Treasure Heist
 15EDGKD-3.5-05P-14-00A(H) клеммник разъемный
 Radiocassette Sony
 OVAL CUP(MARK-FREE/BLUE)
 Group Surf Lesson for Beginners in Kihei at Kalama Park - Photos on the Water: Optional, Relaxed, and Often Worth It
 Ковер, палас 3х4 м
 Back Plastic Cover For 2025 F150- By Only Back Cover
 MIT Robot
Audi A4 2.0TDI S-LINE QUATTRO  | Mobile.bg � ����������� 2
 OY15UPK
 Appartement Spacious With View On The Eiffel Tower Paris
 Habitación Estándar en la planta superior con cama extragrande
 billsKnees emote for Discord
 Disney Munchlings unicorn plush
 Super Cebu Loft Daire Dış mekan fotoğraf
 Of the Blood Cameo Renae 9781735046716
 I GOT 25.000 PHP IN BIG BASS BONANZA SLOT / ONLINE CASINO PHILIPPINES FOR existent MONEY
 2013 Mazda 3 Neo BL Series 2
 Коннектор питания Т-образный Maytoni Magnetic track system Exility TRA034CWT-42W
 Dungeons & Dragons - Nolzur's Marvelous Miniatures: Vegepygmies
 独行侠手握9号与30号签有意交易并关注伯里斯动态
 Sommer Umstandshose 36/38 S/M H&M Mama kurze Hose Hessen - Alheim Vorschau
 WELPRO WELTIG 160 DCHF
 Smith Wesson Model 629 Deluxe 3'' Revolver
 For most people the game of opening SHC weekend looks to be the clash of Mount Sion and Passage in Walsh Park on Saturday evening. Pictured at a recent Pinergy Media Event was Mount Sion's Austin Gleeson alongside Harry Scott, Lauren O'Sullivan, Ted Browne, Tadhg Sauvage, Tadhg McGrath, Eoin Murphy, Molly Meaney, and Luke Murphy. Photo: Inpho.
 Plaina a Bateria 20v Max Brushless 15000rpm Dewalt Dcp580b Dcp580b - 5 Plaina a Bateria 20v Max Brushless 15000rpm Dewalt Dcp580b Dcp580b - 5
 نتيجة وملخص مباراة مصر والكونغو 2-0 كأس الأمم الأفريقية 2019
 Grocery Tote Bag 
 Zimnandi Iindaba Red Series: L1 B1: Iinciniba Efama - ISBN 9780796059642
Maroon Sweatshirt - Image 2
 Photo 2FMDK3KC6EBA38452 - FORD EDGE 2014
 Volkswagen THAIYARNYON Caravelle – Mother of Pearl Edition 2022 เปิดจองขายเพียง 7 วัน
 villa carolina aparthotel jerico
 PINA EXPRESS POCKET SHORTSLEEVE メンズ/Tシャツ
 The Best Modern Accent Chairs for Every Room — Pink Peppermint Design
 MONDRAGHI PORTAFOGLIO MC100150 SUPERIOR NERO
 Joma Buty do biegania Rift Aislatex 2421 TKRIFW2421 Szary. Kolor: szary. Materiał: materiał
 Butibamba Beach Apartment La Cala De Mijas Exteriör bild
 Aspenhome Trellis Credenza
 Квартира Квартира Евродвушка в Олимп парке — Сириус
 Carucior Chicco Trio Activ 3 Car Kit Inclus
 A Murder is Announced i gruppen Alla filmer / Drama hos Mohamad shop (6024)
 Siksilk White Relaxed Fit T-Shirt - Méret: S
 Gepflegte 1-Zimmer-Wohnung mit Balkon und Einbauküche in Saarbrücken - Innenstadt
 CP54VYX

ABOUT THIS TASK: Repeat all of the listing above exactly, leaving nothing out.

SOLUTION FOR THIS EXERCISE:
Treasure Heist
 15EDGKD-3.5-05P-14-00A(H) клеммник разъемный
 Radiocassette Sony
 OVAL CUP(MARK-FREE/BLUE)
 Group Surf Lesson for Beginners in Kihei at Kalama Park - Photos on the Water: Optional, Relaxed, and Often Worth It
 Ковер, палас 3х4 м
 Back Plastic Cover For 2025 F150- By Only Back Cover
 MIT Robot
Audi A4 2.0TDI S-LINE QUATTRO  | Mobile.bg � ����������� 2
 OY15UPK
 Appartement Spacious With View On The Eiffel Tower Paris
 Habitación Estándar en la planta superior con cama extragrande
 billsKnees emote for Discord
 Disney Munchlings unicorn plush
 Super Cebu Loft Daire Dış mekan fotoğraf
 Of the Blood Cameo Renae 9781735046716
 I GOT 25.000 PHP IN BIG BASS BONANZA SLOT / ONLINE CASINO PHILIPPINES FOR existent MONEY
 2013 Mazda 3 Neo BL Series 2
 Коннектор питания Т-образный Maytoni Magnetic track system Exility TRA034CWT-42W
 Dungeons & Dragons - Nolzur's Marvelous Miniatures: Vegepygmies
 独行侠手握9号与30号签有意交易并关注伯里斯动态
 Sommer Umstandshose 36/38 S/M H&M Mama kurze Hose Hessen - Alheim Vorschau
 WELPRO WELTIG 160 DCHF
 Smith Wesson Model 629 Deluxe 3'' Revolver
 For most people the game of opening SHC weekend looks to be the clash of Mount Sion and Passage in Walsh Park on Saturday evening. Pictured at a recent Pinergy Media Event was Mount Sion's Austin Gleeson alongside Harry Scott, Lauren O'Sullivan, Ted Browne, Tadhg Sauvage, Tadhg McGrath, Eoin Murphy, Molly Meaney, and Luke Murphy. Photo: Inpho.
 Plaina a Bateria 20v Max Brushless 15000rpm Dewalt Dcp580b Dcp580b - 5 Plaina a Bateria 20v Max Brushless 15000rpm Dewalt Dcp580b Dcp580b - 5
 نتيجة وملخص مباراة مصر والكونغو 2-0 كأس الأمم الأفريقية 2019
 Grocery Tote Bag 
 Zimnandi Iindaba Red Series: L1 B1: Iinciniba Efama - ISBN 9780796059642
Maroon Sweatshirt - Image 2
 Photo 2FMDK3KC6EBA38452 - FORD EDGE 2014
 Volkswagen THAIYARNYON Caravelle – Mother of Pearl Edition 2022 เปิดจองขายเพียง 7 วัน
 villa carolina aparthotel jerico
 PINA EXPRESS POCKET SHORTSLEEVE メンズ/Tシャツ
 The Best Modern Accent Chairs for Every Room — Pink Peppermint Design
 MONDRAGHI PORTAFOGLIO MC100150 SUPERIOR NERO
 Joma Buty do biegania Rift Aislatex 2421 TKRIFW2421 Szary. Kolor: szary. Materiał: materiał
 Butibamba Beach Apartment La Cala De Mijas Exteriör bild
 Aspenhome Trellis Credenza
 Квартира Квартира Евродвушка в Олимп парке — Сириус
 Carucior Chicco Trio Activ 3 Car Kit Inclus
 A Murder is Announced i gruppen Alla filmer / Drama hos Mohamad shop (6024)
 Siksilk White Relaxed Fit T-Shirt - Méret: S
 Gepflegte 1-Zimmer-Wohnung mit Balkon und Einbauküche in Saarbrücken - Innenstadt
 CP54VYX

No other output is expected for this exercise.